-- RECORDS SHOWN --
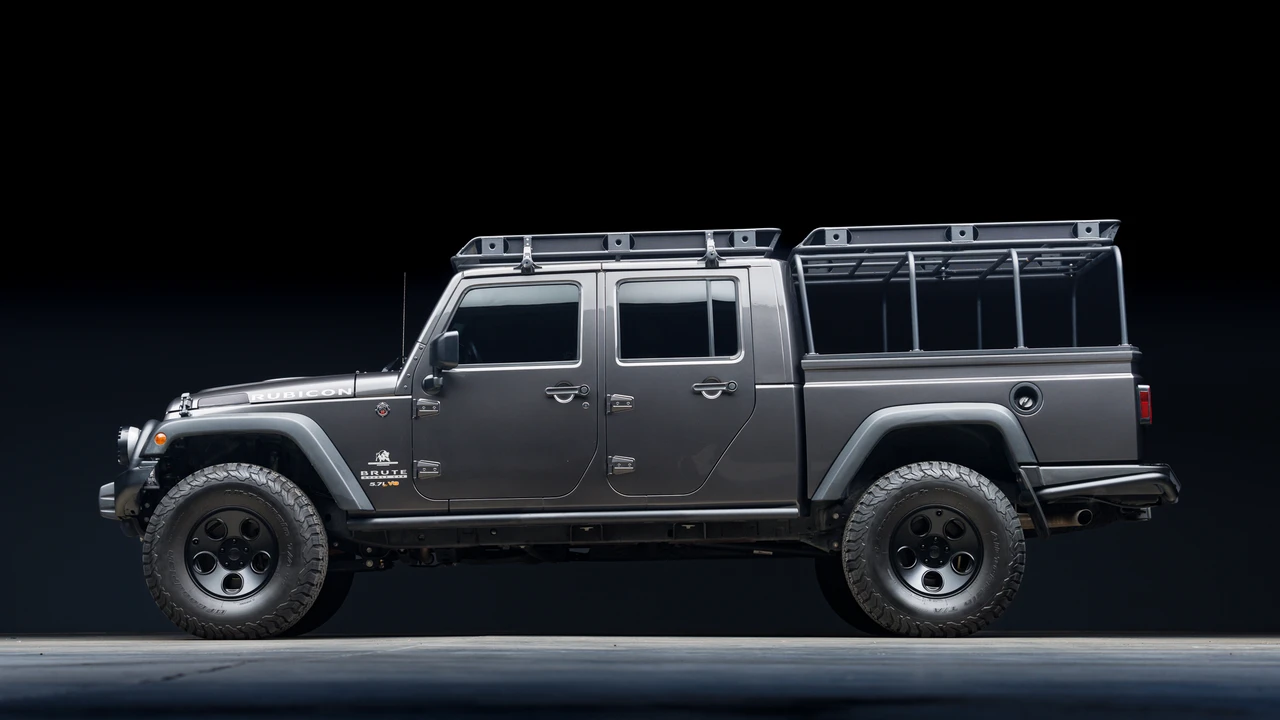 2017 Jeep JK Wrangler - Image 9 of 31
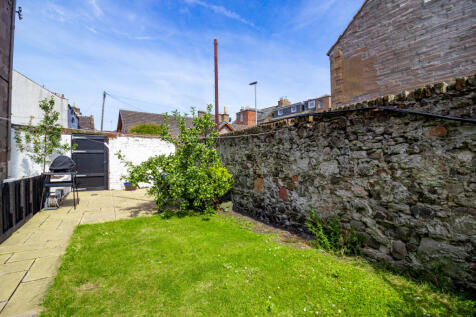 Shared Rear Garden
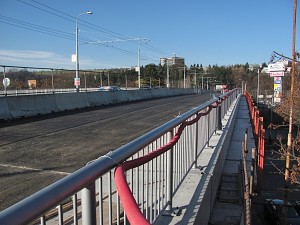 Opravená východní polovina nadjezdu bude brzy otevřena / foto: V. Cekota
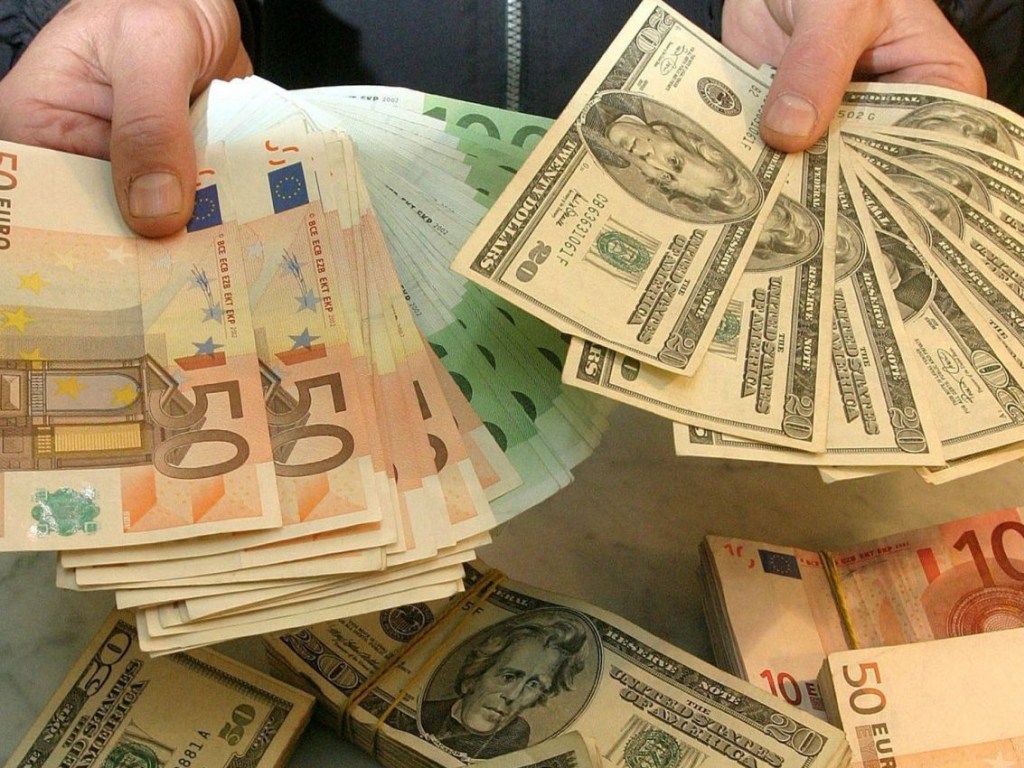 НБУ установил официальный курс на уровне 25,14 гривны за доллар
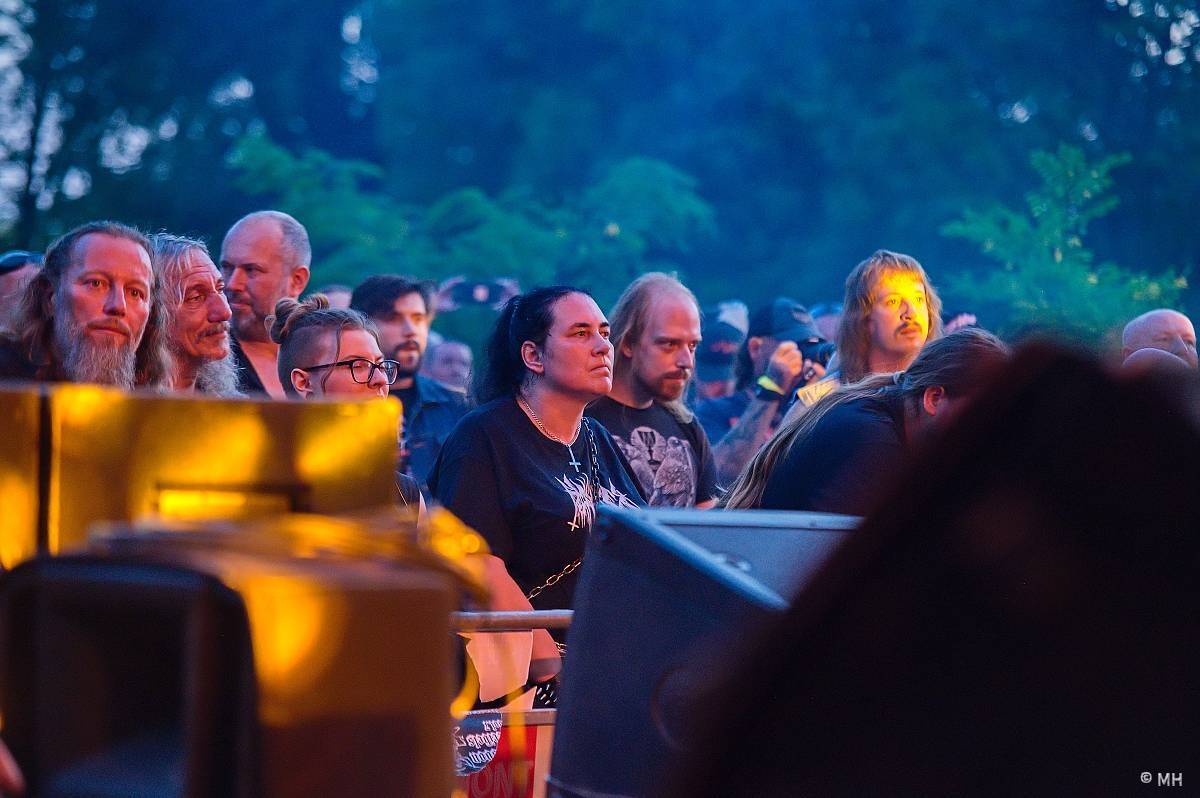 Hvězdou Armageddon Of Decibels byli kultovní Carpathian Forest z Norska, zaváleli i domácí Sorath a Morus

-- TASK INSTRUCTIONS --
No pictures should appear in the copy. Reproduce exactly the lines from the line containing "Shared Rear Garden" through the last line of the data, inclusive.

-- ANSWER BELOW --
 Shared Rear Garden
 Opravená východní polovina nadjezdu bude brzy otevřena / foto: V. Cekota
 НБУ установил официальный курс на уровне 25,14 гривны за доллар
 Hvězdou Armageddon Of Decibels byli kultovní Carpathian Forest z Norska, zaváleli i domácí Sorath a Morus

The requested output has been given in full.